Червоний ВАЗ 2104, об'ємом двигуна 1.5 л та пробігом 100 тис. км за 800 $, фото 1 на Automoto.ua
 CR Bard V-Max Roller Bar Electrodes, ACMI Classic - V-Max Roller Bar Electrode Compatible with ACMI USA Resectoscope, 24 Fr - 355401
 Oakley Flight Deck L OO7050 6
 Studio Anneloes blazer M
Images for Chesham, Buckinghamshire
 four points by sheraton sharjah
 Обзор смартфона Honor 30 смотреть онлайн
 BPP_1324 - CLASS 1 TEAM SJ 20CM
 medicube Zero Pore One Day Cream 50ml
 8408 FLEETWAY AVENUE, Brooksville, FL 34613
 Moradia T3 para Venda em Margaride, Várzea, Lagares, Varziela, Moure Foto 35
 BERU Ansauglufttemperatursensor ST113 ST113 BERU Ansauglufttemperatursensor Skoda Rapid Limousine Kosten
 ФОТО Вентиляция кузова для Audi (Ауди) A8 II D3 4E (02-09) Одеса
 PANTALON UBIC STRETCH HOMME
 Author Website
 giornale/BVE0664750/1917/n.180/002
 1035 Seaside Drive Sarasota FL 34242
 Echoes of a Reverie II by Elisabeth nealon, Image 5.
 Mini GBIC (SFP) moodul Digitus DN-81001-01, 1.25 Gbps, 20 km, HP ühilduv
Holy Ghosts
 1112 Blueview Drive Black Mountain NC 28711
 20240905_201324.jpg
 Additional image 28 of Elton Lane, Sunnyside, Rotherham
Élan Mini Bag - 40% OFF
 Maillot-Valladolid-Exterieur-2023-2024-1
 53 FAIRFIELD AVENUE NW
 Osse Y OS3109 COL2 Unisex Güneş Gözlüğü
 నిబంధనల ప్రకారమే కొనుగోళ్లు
++++++
What is required:
Copy every record exactly.

Reply to the exercise:
Червоний ВАЗ 2104, об'ємом двигуна 1.5 л та пробігом 100 тис. км за 800 $, фото 1 на Automoto.ua
 CR Bard V-Max Roller Bar Electrodes, ACMI Classic - V-Max Roller Bar Electrode Compatible with ACMI USA Resectoscope, 24 Fr - 355401
 Oakley Flight Deck L OO7050 6
 Studio Anneloes blazer M
Images for Chesham, Buckinghamshire
 four points by sheraton sharjah
 Обзор смартфона Honor 30 смотреть онлайн
 BPP_1324 - CLASS 1 TEAM SJ 20CM
 medicube Zero Pore One Day Cream 50ml
 8408 FLEETWAY AVENUE, Brooksville, FL 34613
 Moradia T3 para Venda em Margaride, Várzea, Lagares, Varziela, Moure Foto 35
 BERU Ansauglufttemperatursensor ST113 ST113 BERU Ansauglufttemperatursensor Skoda Rapid Limousine Kosten
 ФОТО Вентиляция кузова для Audi (Ауди) A8 II D3 4E (02-09) Одеса
 PANTALON UBIC STRETCH HOMME
 Author Website
 giornale/BVE0664750/1917/n.180/002
 1035 Seaside Drive Sarasota FL 34242
 Echoes of a Reverie II by Elisabeth nealon, Image 5.
 Mini GBIC (SFP) moodul Digitus DN-81001-01, 1.25 Gbps, 20 km, HP ühilduv
Holy Ghosts
 1112 Blueview Drive Black Mountain NC 28711
 20240905_201324.jpg
 Additional image 28 of Elton Lane, Sunnyside, Rotherham
Élan Mini Bag - 40% OFF
 Maillot-Valladolid-Exterieur-2023-2024-1
 53 FAIRFIELD AVENUE NW
 Osse Y OS3109 COL2 Unisex Güneş Gözlüğü
 నిబంధనల ప్రకారమే కొనుగోళ్లు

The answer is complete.